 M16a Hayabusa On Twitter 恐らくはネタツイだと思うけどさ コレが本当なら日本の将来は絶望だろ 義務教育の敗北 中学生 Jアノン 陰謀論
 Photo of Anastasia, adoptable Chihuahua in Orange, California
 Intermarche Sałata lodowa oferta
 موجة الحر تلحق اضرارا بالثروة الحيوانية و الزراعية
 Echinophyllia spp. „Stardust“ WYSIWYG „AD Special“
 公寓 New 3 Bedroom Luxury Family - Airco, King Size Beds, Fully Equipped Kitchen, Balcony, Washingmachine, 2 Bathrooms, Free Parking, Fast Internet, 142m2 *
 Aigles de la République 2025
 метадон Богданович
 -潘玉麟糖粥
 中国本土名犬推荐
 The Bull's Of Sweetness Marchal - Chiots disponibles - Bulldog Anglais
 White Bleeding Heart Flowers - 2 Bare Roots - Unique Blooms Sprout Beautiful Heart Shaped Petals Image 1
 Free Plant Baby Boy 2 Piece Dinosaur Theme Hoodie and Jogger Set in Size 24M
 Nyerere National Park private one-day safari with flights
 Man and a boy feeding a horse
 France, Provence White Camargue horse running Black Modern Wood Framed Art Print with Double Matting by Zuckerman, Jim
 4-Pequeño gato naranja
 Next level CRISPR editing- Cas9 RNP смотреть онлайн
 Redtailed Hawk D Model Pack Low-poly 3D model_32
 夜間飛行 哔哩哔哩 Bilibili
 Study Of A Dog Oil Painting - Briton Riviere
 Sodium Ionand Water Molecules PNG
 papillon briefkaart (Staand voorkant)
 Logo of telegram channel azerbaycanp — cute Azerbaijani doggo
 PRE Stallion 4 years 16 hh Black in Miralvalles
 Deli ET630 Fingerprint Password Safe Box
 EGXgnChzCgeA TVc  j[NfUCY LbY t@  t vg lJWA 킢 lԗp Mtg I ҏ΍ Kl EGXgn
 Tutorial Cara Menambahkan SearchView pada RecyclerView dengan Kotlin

━━━━━━━━

• Aim of the exercise: Output exactly the lines from the one containing "Free Plant Baby" through the last line of the records, both included. Output nothing else.

• Exercise result:
 Free Plant Baby Boy 2 Piece Dinosaur Theme Hoodie and Jogger Set in Size 24M
 Nyerere National Park private one-day safari with flights
 Man and a boy feeding a horse
 France, Provence White Camargue horse running Black Modern Wood Framed Art Print with Double Matting by Zuckerman, Jim
 4-Pequeño gato naranja
 Next level CRISPR editing- Cas9 RNP смотреть онлайн
 Redtailed Hawk D Model Pack Low-poly 3D model_32
 夜間飛行 哔哩哔哩 Bilibili
 Study Of A Dog Oil Painting - Briton Riviere
 Sodium Ionand Water Molecules PNG
 papillon briefkaart (Staand voorkant)
 Logo of telegram channel azerbaycanp — cute Azerbaijani doggo
 PRE Stallion 4 years 16 hh Black in Miralvalles
 Deli ET630 Fingerprint Password Safe Box
 EGXgnChzCgeA TVc  j[NfUCY LbY t@  t vg lJWA 킢 lԗp Mtg I ҏ΍ Kl EGXgn
 Tutorial Cara Menambahkan SearchView pada RecyclerView dengan Kotlin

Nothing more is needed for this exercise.